There are a variety of ways you can make distributions close (just as there are a variety of ways of estimating parameters from data).
The most common way would probably be to minimize the Kullback–Leibler divergence
$$\mathrm {KL}(p,q)=\sum _{i}p_i\,\log {\frac {p_i}{q_i}}$$
where $q_i$ would represent the probabilities from your known distribution and $p_i$ would be the one you're "fitting" to it (trying to approximate closely to $q$) -- $p_i$ is therefore a function of parameters.
I'm going to offer an intuitive motivation for it, along the lines hinted at by your post.
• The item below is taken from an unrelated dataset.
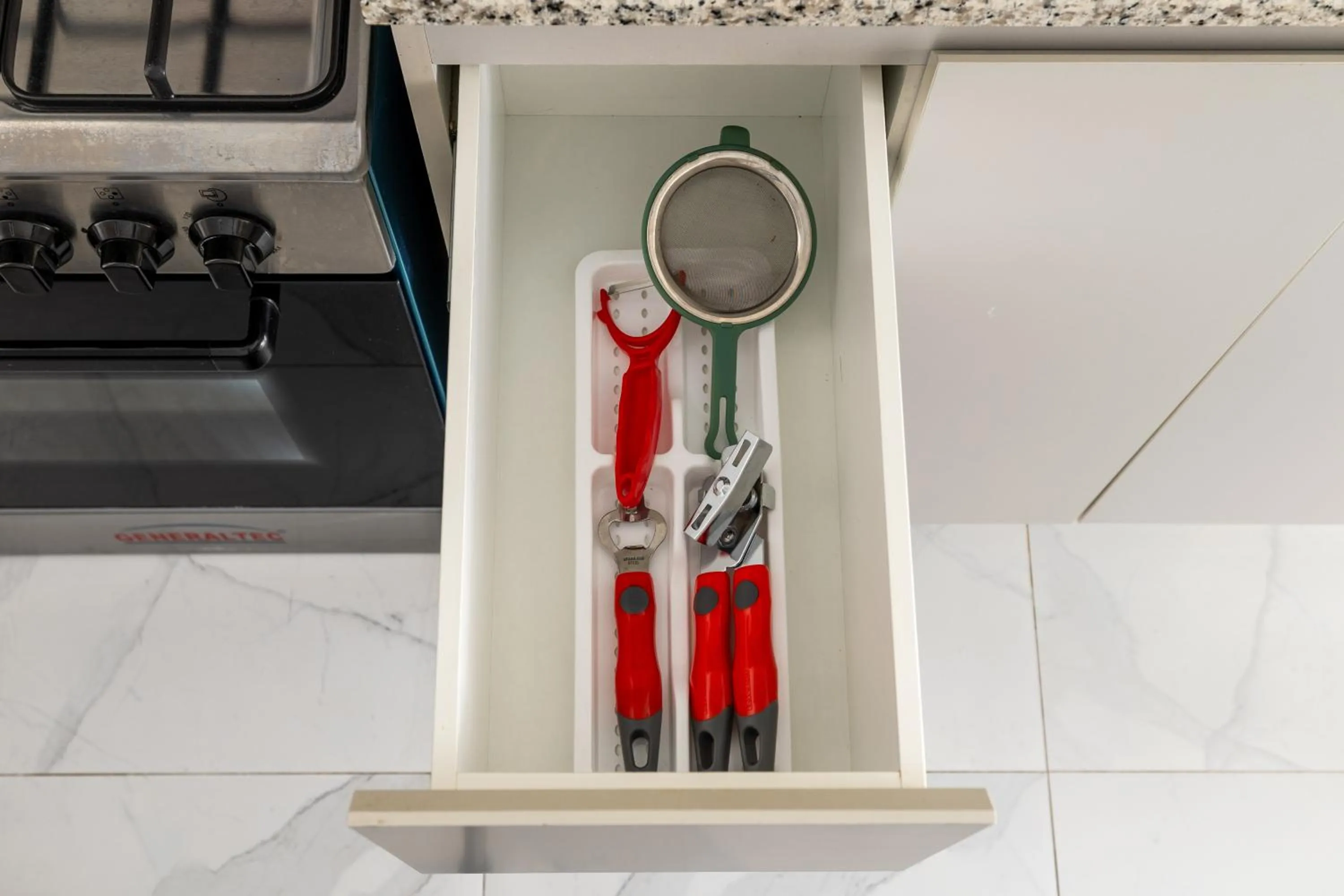 Kitchen or kitchenette in Unlock Waters Edge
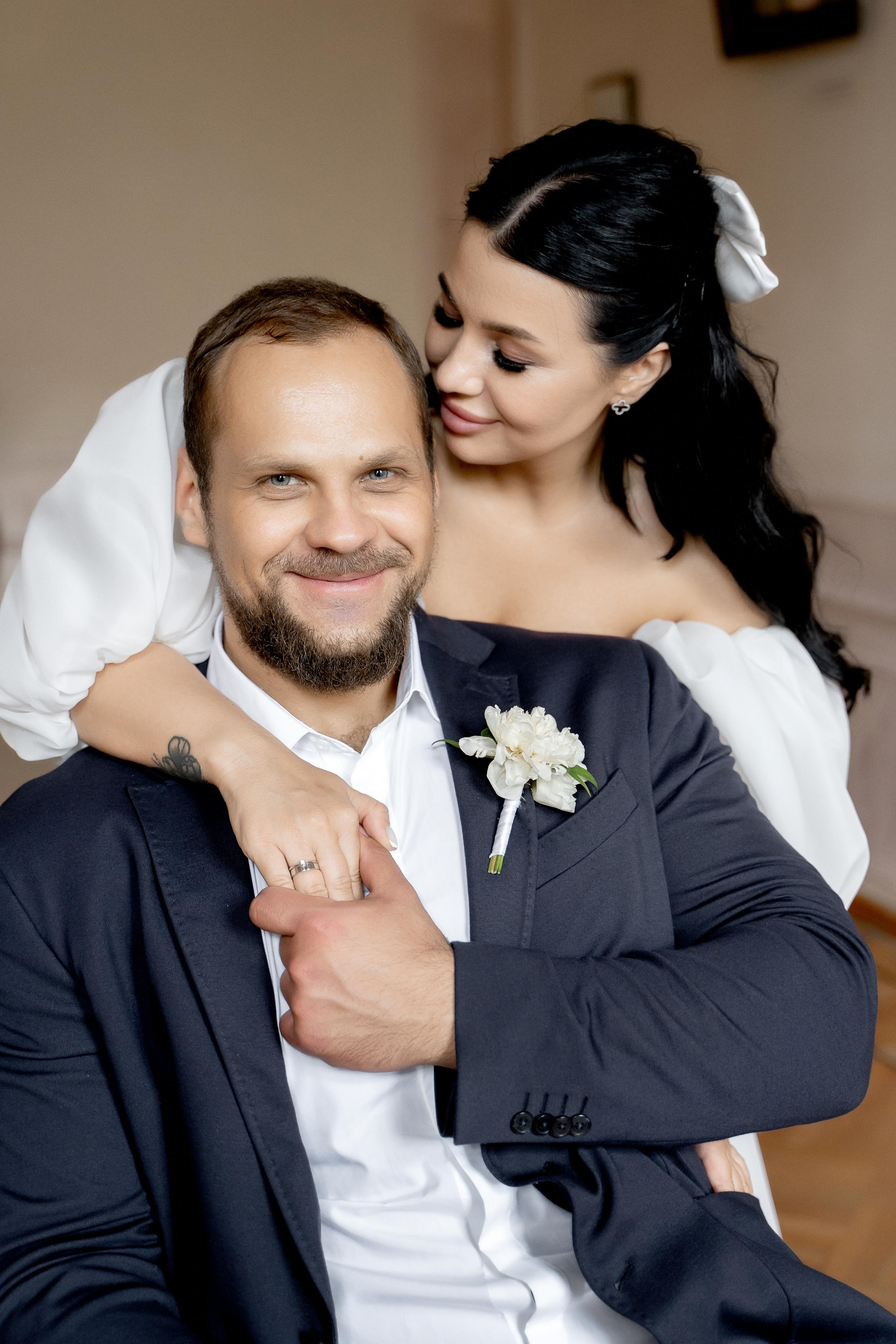 Свадебная фотосессия в библиотеке Пушкина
Imagine you generated a really large sample (size $N$) from the distribution with the probabiities given by the $q_i$, and wanted to estimate the parameters of the distribution corresponding to the $p_i$ by maximum likelihood. Then with the $q$'s completely specified you'd have a multinomial goodness of fit problem, and with ML as a criterion, you'd be minimizing $-\log\mathcal L = \sum _{{i}}{O_{{i}}\cdot \ln \left({\frac {O_{i}}{E_{i}}}\right)}$ (which you may recognize as half the test statistic in a G-test).
Now if we write $E_i=Nq_i$ and $O_i=N\hat{p}_i$ we get that we're minimizing $\sum _{{i}}{N\hat{p}_{{i}}\cdot \log \left({\frac {N\hat{p}_{i}}{Nq_{i}}}\right)}=N\sum _{{i}}{\hat{p}_{{i}}\cdot \log \left({\frac {\hat{p}_{i}}{q_{i}}}\right)}\propto \sum _{{i}}{\hat{p}_{{i}} \log {\frac {\hat{p}_{i}}{q_{i}}}}$
Now as our sample size $N\to \infty$, $\hat{p}_i \to p_i$, so in the limit (where our sample is our population), we get $\sum _{{i}}{p_{{i}} \log {\frac {p_{i}}{q_{i}}}}$, the K-L divergence.
So that criterion would just be exactly the thing you'd be doing if you just generated larger and larger samples and fitted the parameters of your Poisson mixture (say) by maximum likelihood.